Após o fim da volta ao concelho Mafra, organizada pela camara municipal de Mafra, surgiu a ideia e embora de um modo pouco informal de dar continuidade à volta, assim durante alguns anos se manteve a tradição, ainda com menos participantes. Partíamos da Cachoeira até à Ericeira, lá comíamos a bela tosta à Ribeira D’ilhas, um mergulho e voltávamos. O passeio era inovador para à altura, não existiam fitas nem marcações, o GPS era necessário para realizar a volta. Ajuda mecânica era a Motoreis, o abastecimento pelo Chico das Cebolas, isto sem qualquer custo para o participante. O verdadeiro amor à camisola.

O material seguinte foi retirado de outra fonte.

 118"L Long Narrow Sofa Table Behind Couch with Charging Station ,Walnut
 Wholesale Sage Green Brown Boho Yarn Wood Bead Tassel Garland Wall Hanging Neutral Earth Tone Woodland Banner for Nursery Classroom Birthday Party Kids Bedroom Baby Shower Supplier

Embora a minha ausência, como a de outros, o grupo ainda prevalece. O César Lopes, um outro membro e amigo, levou as travessias a outro nível, criou um novo projeto, mas manteve o nome dos “Saloios à Descoberta”, faz agora o 10º aniversario. Este conta com uma pagina de inscrição em www.travessiabtt.blogspot.com, onde é possível também visualizar todas as aventuras.

Eu, ainda sou fascinado pelas duas rodas, e pelo prazer que elas proporcionam. Voltei novamente às origens, e percorro mais uma vez os trilhos da Serra da Arrábida. Ainda que por vezes sozinho, ou com os dois amigos de infância, 20 anos mais tarde. Muitas aventuras ficam por relatar e muitos amigos ficam por mencionar.

Sinto-me orgulhoso, pois acho que passei o “bichinho” aos meus dois filhos. Hoje, percorrem os mesmos caminhos que o pai outrora fez, em conjunto com os filhos desses mesmos amigos, aqueles que tive o privilegio de conhecer e passar horas sem fim a pedalar. É a historia a repetir-se.

Espero como eu façam grandes aventuras, porque o tempo é agora, e nunca o amanha.